Dataset excerpts
*** Block opens ***

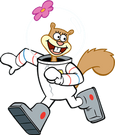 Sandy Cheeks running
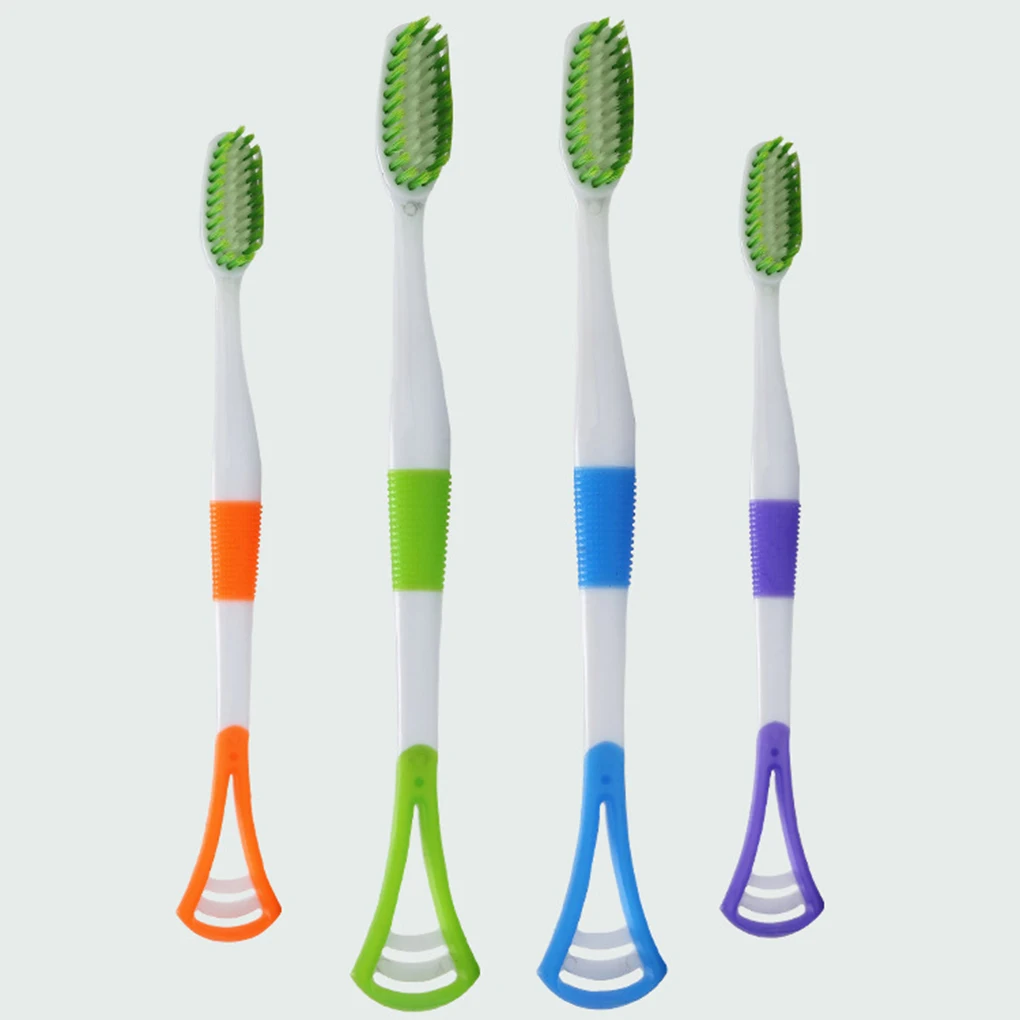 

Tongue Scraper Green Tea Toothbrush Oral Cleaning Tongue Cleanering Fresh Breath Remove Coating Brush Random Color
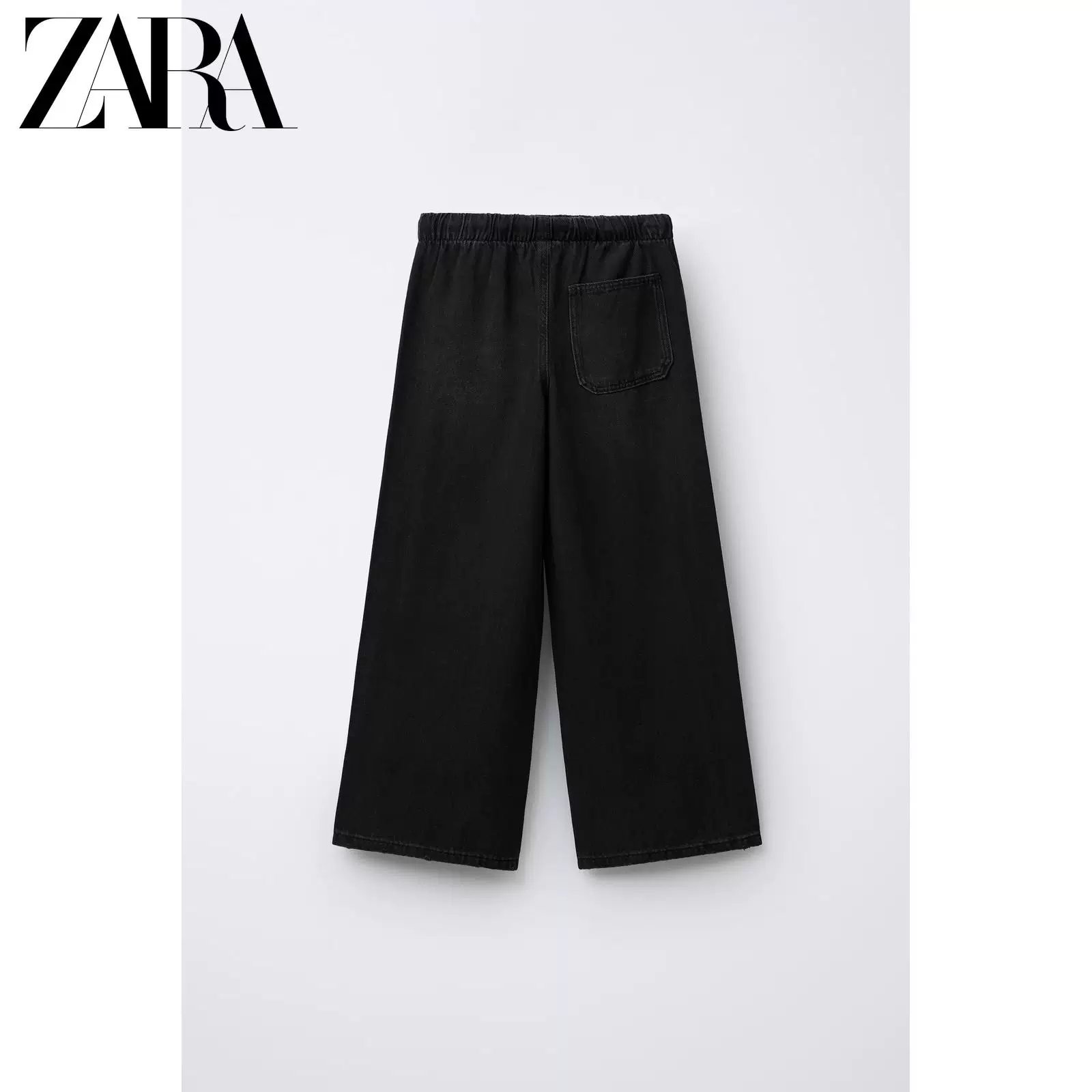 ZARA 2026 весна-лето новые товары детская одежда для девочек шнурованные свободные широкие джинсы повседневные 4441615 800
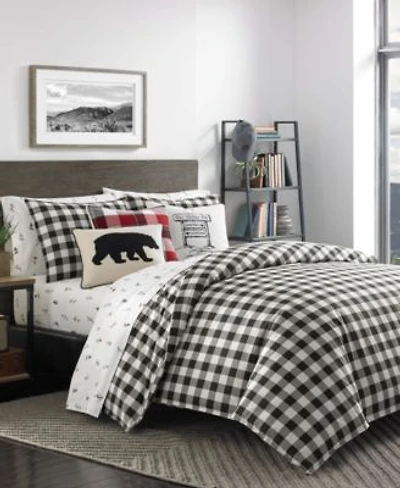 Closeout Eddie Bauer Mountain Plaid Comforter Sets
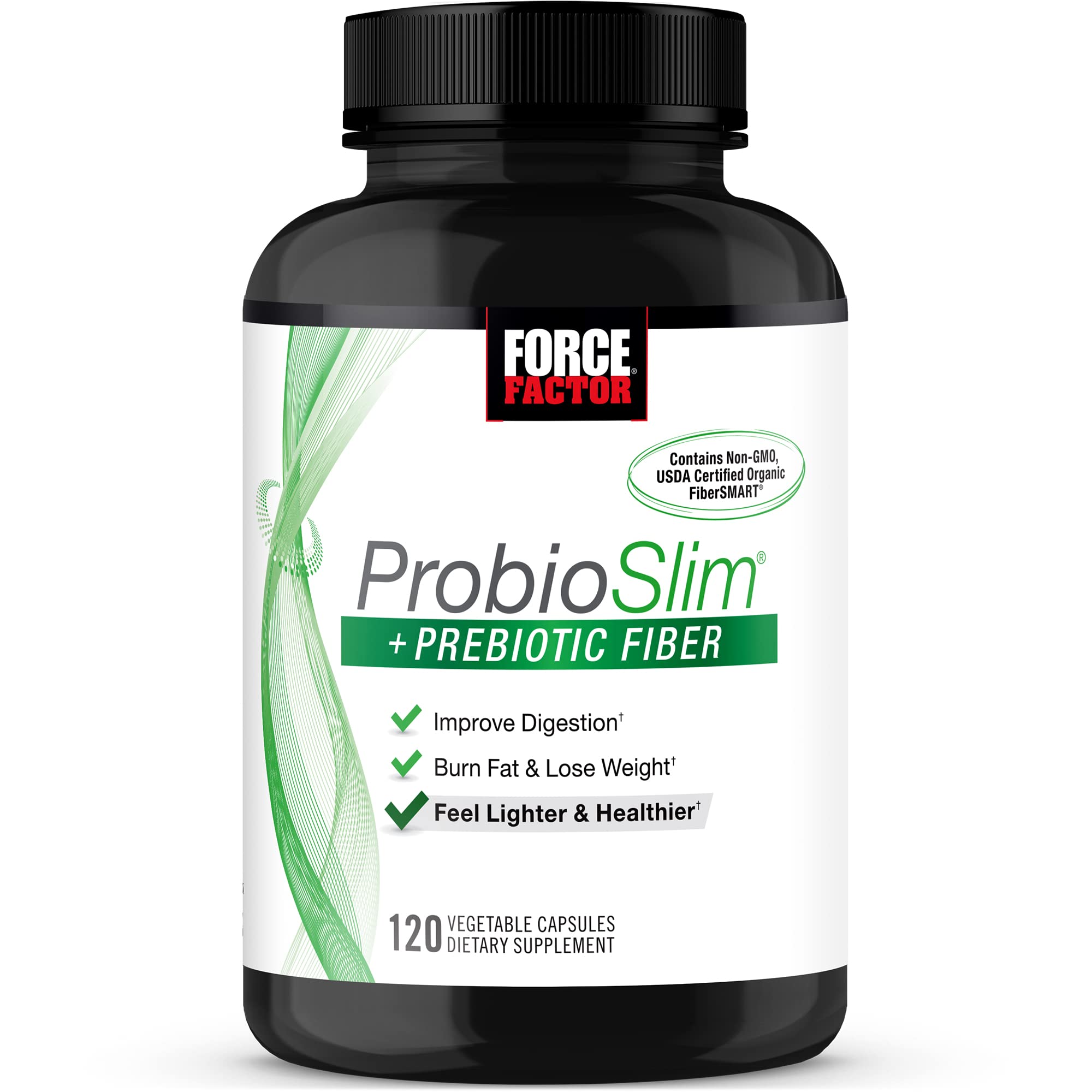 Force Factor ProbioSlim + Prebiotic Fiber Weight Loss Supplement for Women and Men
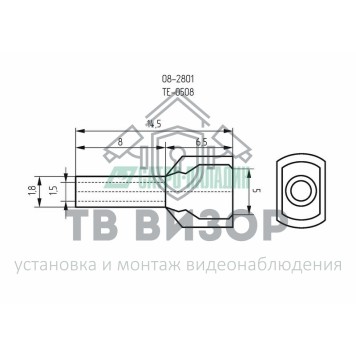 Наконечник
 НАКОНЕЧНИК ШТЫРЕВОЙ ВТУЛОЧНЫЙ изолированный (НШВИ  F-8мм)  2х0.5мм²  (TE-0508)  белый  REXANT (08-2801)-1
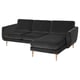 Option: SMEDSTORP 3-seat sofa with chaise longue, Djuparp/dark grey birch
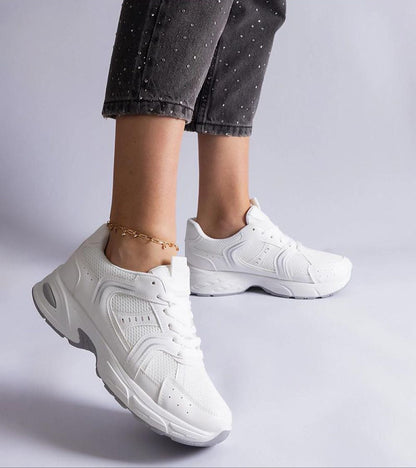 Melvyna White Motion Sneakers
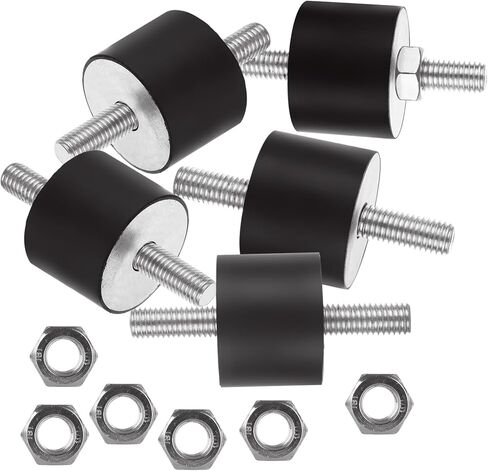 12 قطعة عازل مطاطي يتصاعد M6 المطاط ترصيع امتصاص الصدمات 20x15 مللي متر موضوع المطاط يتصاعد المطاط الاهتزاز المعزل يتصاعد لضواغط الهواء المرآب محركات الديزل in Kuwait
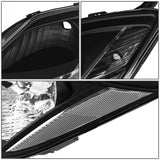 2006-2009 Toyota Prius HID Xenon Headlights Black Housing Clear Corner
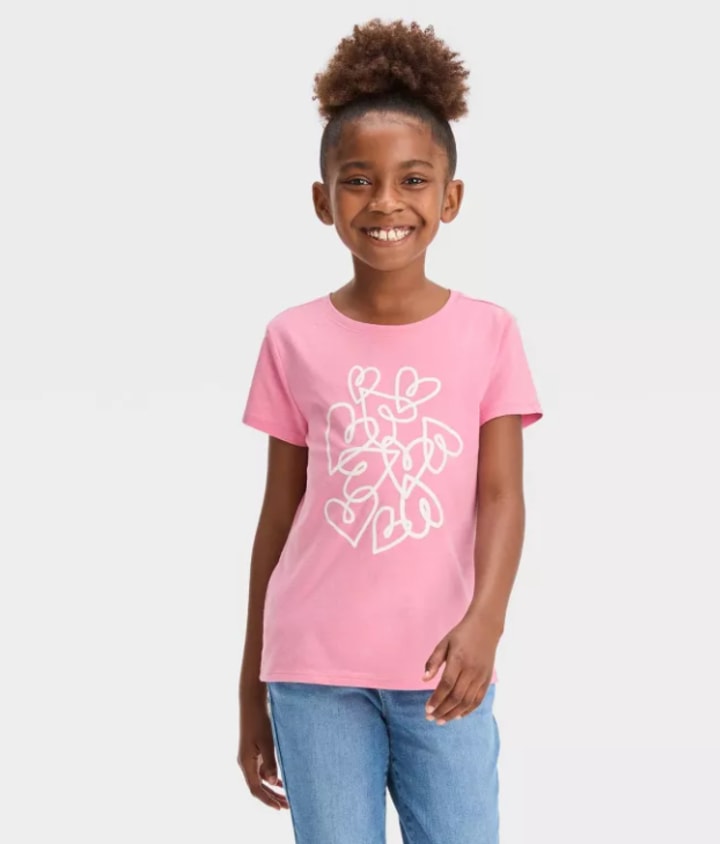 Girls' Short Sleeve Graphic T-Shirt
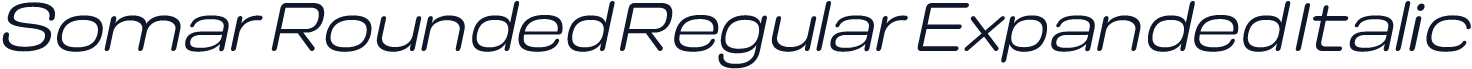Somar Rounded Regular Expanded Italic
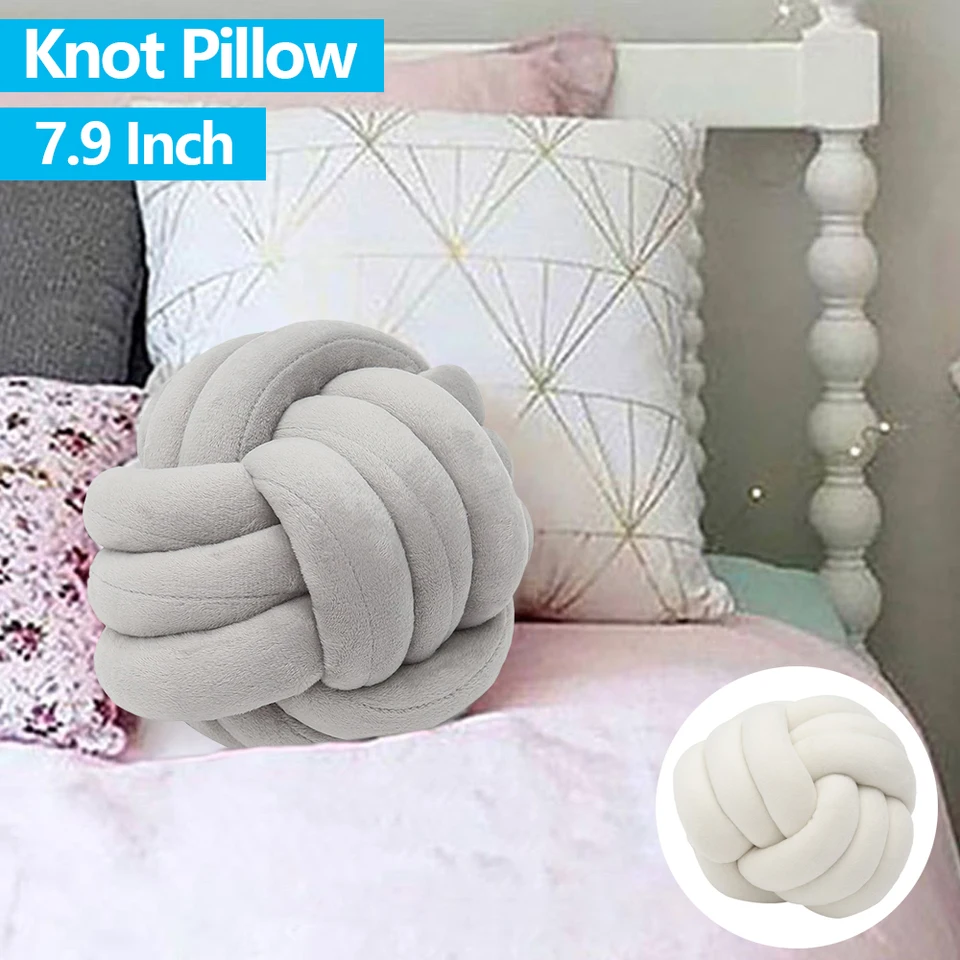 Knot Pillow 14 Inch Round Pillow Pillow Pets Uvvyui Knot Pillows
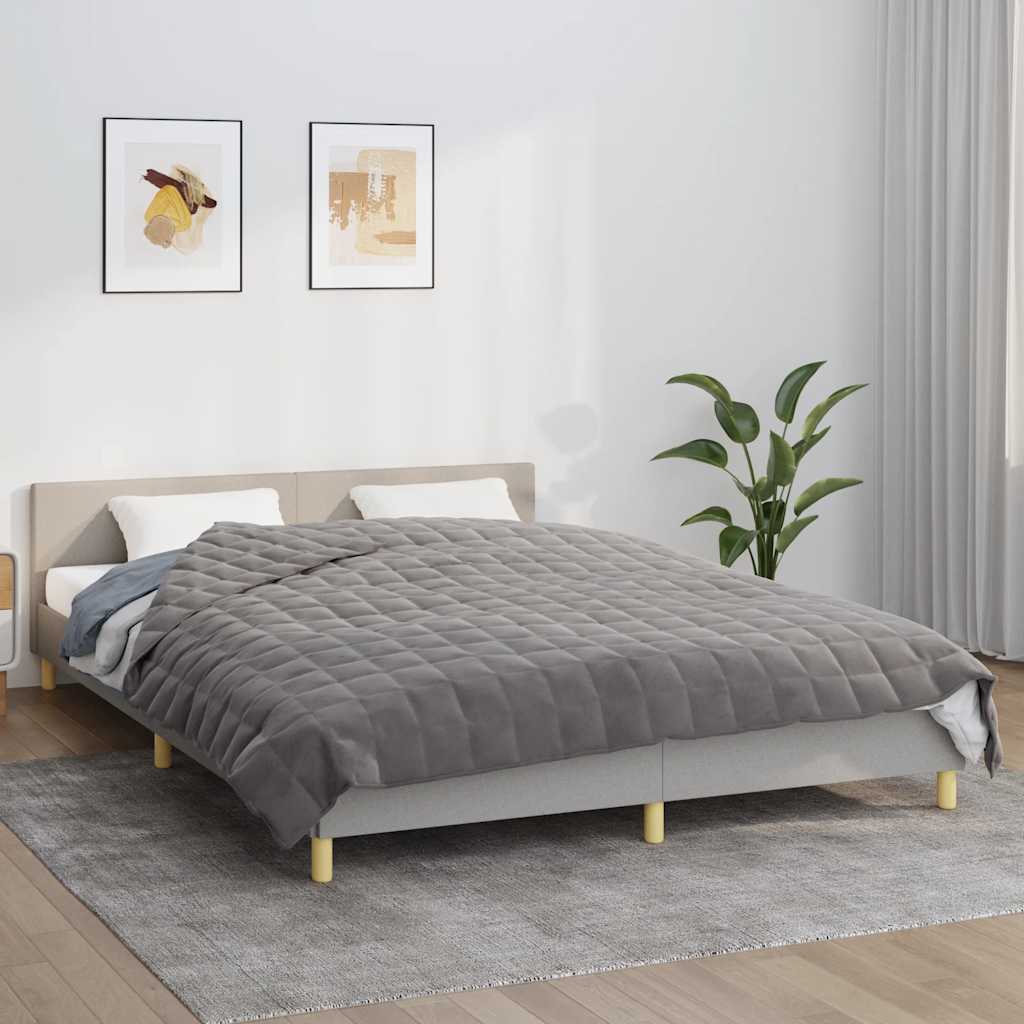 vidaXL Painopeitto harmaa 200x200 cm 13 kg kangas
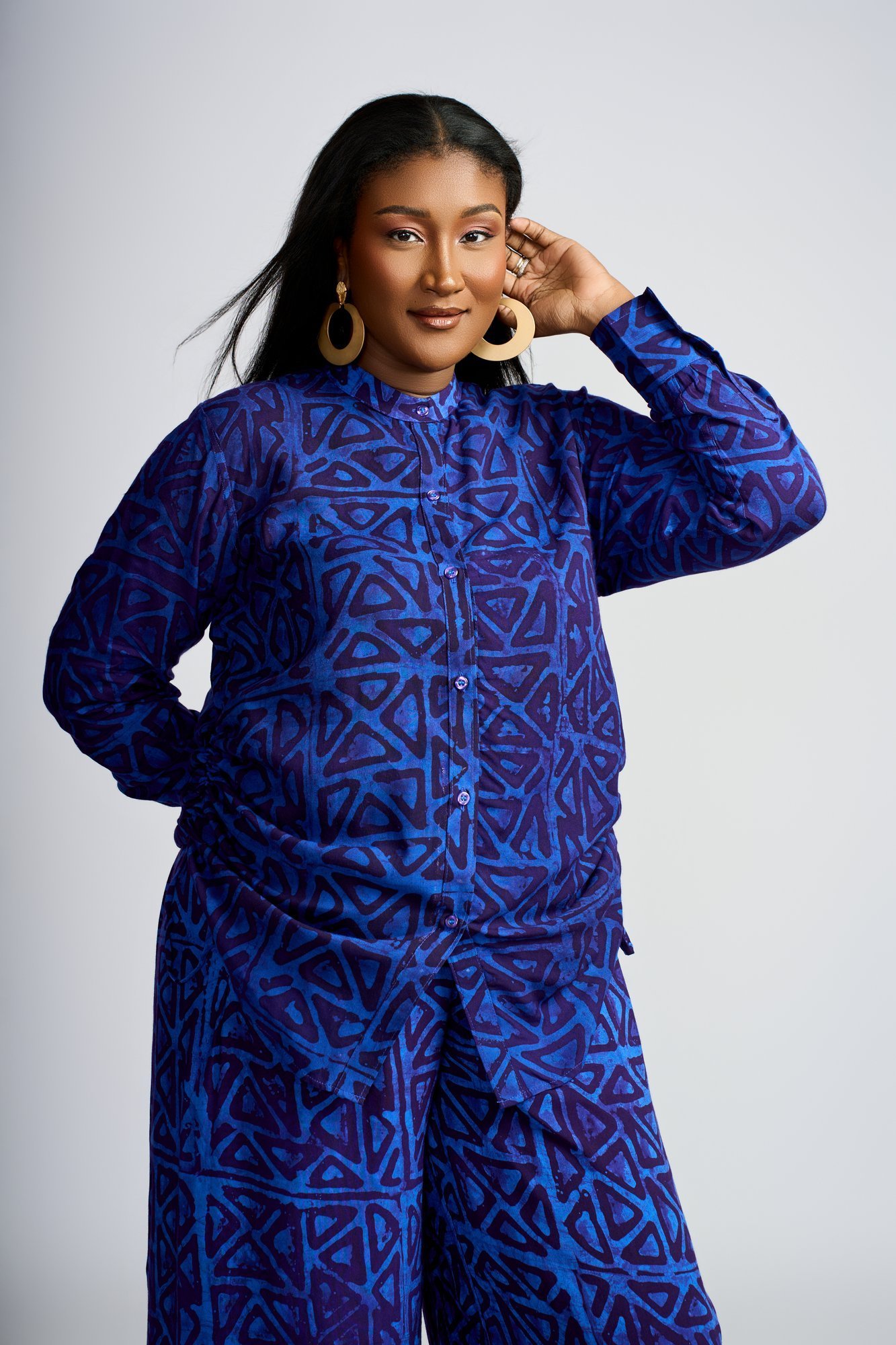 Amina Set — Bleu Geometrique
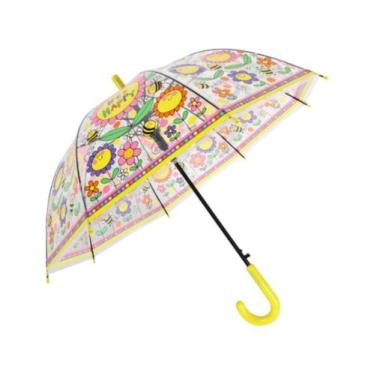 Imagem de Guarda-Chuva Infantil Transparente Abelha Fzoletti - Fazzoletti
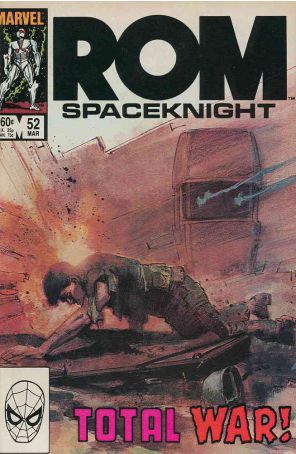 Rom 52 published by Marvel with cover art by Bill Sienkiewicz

*** Block closes ***

Task details
Lines from the one containing "12 قطعة عازل" through the end of the listing, both included, are to be restated exactly, and pictures are to be left out.

Answer section
 12 قطعة عازل مطاطي يتصاعد M6 المطاط ترصيع امتصاص الصدمات 20x15 مللي متر موضوع المطاط يتصاعد المطاط الاهتزاز المعزل يتصاعد لضواغط الهواء المرآب محركات الديزل in Kuwait
 2006-2009 Toyota Prius HID Xenon Headlights Black Housing Clear Corner
 Girls' Short Sleeve Graphic T-Shirt
Somar Rounded Regular Expanded Italic
 Knot Pillow 14 Inch Round Pillow Pillow Pets Uvvyui Knot Pillows
 vidaXL Painopeitto harmaa 200x200 cm 13 kg kangas
 Amina Set — Bleu Geometrique
 Imagem de Guarda-Chuva Infantil Transparente Abelha Fzoletti - Fazzoletti
 Rom 52 published by Marvel with cover art by Bill Sienkiewicz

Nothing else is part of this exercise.